(Beginning of TASK INPUTS)

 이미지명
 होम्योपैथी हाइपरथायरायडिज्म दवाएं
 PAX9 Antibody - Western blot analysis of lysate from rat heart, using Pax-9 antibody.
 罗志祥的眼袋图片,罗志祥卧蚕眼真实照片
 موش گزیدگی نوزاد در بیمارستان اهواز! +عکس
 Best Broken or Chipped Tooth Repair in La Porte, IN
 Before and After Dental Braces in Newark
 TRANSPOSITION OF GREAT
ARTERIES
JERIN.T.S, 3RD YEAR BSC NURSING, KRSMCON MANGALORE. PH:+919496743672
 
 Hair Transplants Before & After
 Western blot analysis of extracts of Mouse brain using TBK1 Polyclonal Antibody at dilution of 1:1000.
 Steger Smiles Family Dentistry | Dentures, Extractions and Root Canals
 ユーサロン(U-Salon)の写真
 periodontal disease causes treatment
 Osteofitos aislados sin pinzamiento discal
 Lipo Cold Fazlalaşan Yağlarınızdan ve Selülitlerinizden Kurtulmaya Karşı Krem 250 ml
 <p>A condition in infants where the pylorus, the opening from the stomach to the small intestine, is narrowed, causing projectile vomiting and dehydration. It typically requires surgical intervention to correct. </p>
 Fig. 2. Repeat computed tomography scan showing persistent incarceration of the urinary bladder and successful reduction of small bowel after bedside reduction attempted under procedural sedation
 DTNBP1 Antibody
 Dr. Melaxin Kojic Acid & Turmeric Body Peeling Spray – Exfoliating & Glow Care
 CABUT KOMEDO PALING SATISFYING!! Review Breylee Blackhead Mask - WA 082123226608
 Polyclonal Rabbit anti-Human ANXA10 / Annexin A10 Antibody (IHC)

(End of TASK INPUTS)

* BRIEF
Transcribe each record above exactly. Skip none.

* RESPONSE AREA
 이미지명
 होम्योपैथी हाइपरथायरायडिज्म दवाएं
 PAX9 Antibody - Western blot analysis of lysate from rat heart, using Pax-9 antibody.
 罗志祥的眼袋图片,罗志祥卧蚕眼真实照片
 موش گزیدگی نوزاد در بیمارستان اهواز! +عکس
 Best Broken or Chipped Tooth Repair in La Porte, IN
 Before and After Dental Braces in Newark
 TRANSPOSITION OF GREAT
ARTERIES
JERIN.T.S, 3RD YEAR BSC NURSING, KRSMCON MANGALORE. PH:+919496743672
 
 Hair Transplants Before & After
 Western blot analysis of extracts of Mouse brain using TBK1 Polyclonal Antibody at dilution of 1:1000.
 Steger Smiles Family Dentistry | Dentures, Extractions and Root Canals
 ユーサロン(U-Salon)の写真
 periodontal disease causes treatment
 Osteofitos aislados sin pinzamiento discal
 Lipo Cold Fazlalaşan Yağlarınızdan ve Selülitlerinizden Kurtulmaya Karşı Krem 250 ml
 <p>A condition in infants where the pylorus, the opening from the stomach to the small intestine, is narrowed, causing projectile vomiting and dehydration. It typically requires surgical intervention to correct. </p>
 Fig. 2. Repeat computed tomography scan showing persistent incarceration of the urinary bladder and successful reduction of small bowel after bedside reduction attempted under procedural sedation
 DTNBP1 Antibody
 Dr. Melaxin Kojic Acid & Turmeric Body Peeling Spray – Exfoliating & Glow Care
 CABUT KOMEDO PALING SATISFYING!! Review Breylee Blackhead Mask - WA 082123226608
 Polyclonal Rabbit anti-Human ANXA10 / Annexin A10 Antibody (IHC)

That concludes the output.